De Kritische DepositieWaarde (KDW) is de grens waarboven het risico bestaat dat de kwaliteit van een habitattype of leefgebied significant wordt aangetast door de verzurende en/of vermestende invloed van atmosferische stikstofdepositie. Elk stikstofgevoelig habitattype of leefgebied kent een specifieke KDW; deze waarden en de bijbehorende wetenschappelijke onderbouwing zijn te vinden in het rapport van Van Dobben e.a. (2012)1, waarin de best beschikbare kennis ten aanzien van KDW’n is samengevat. Een habitattype of leefgebied wordt als stikstofgevoelig aangemerkt als de KDW onder de 2400 mol stikstof per hectare per jaar ligt. De KDW’n worden sinds de publicatie van opeenvolgende rapporten (Van Dobben &

Van Hinsberg, 2008; Van Dobben e.a., 2012) algemeen aanvaard, ook door de Raad van State, als de best beschikbare kennis ten aanzien van gevoeligheid voor stikstof. Ook

internationaal zijn KDW’n de gebruikelijke referentie om mogelijke overbelasting van stikstof te bepalen, ook ten behoeve van toestemmingsverlening, zie als voorbeeld Hicks et al.

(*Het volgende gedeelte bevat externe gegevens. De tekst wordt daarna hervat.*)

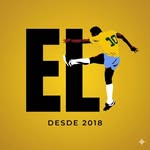 Enciclopédia das Lendas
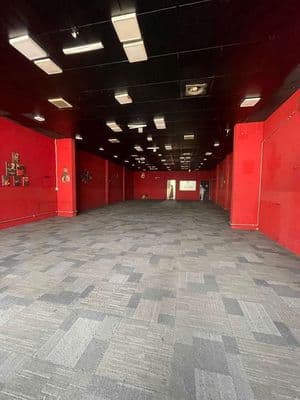 cho thuê nhà MTKD đường bình thành 320M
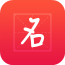 起名大咖
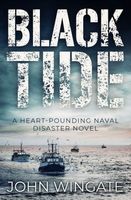 Black Tide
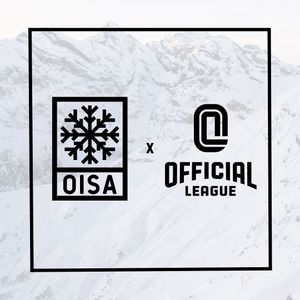 Image post by @officialeague on Instagram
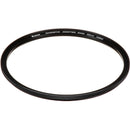 Kase Wolverine Magnetic Filter Adapter Ring (82mm)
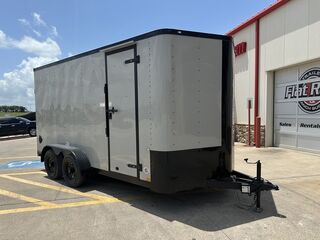 New n/a
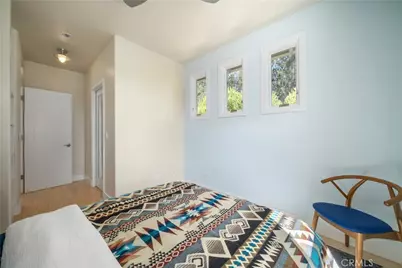 950 Mesa View Drive, Arroyo Grande, CA 93420 - Photo 50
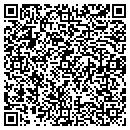 QR code with Sterling Homes Inc contacts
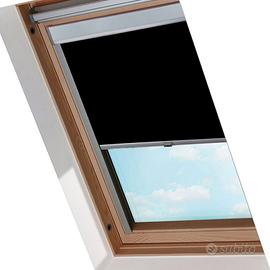Tende oscuranti per VELUX  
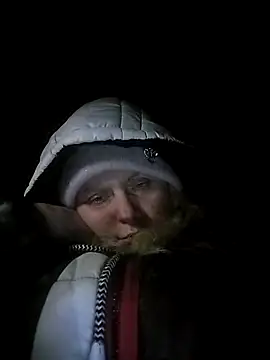 Lana-murr live sex cam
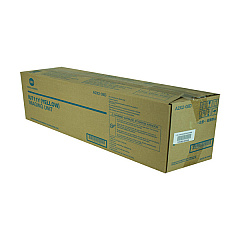 Konica Minolta Drum (A2X208D IU-711Y) (A2X208D, IU-711Y)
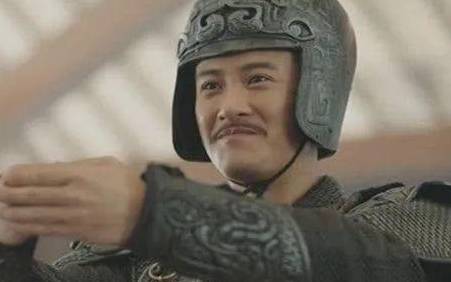 诸葛诞历史图片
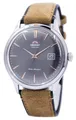 Orient Bambino Version 4 Classic Automatic FAC08003A0 AC08003A Herrenuhr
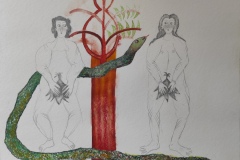 Die-Unschuldigen-2-skaliert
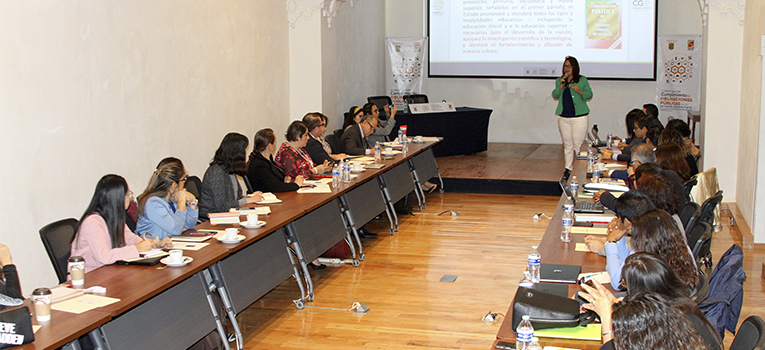 organos-control-ug-ugto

(2011)2 en De Vries et al. (2015)3.

Bij de toetsing van een activiteit in het kader van de Wet natuurbescherming dienen

significante negatieve effecten van stikstofdepositie op Natura 2000 te worden uitgesloten. De KDW is hiervoor een hulpmiddel: het geeft bij de voortoets een grens aan waaronder

significante effecten op voorhand kunnen worden uitgesloten. Het rekeninstrument AERIUS is hierbij een hulpmiddel in de toestemmingsverlening. Om in beeld te brengen op welke locaties de totale stikstofdepositie een risico vormt en waar niet, wordt in AERIUS aangegeven of en in welke mate de stikstofdepositie zich boven of onder de KDW bevindt. Waar een plan of project met stikstofuitstoot niet voor een depositietoename zorgt op een stikstofgevoelig habitattype of leefgebied waar de KDW (bijna) wordt overschreden, kunnen significant negatieve gevolgen van een plan of project met betrekking tot atmosferische stikstofdepositie op voorhand

uitgesloten worden. Hierbij moet het feit dat de instandhoudingdoelstelling door de activiteit niet wordt geschaad boven iedere (redelijke wetenschappelijke) twijfel verheven zijn. Als de depositie zich mede als gevolg van het plan of project op een relevant hexagoon boven de KDW bevindt, is een natuurvergunning vereist en kan met een passende beoordeling worden getoetst of er geen aantasting van de natuurlijke kenmerken plaatsvindt. De KDW is dus een signaleringswaarde voor een mogelijk effect op stikstofgevoelige natuur.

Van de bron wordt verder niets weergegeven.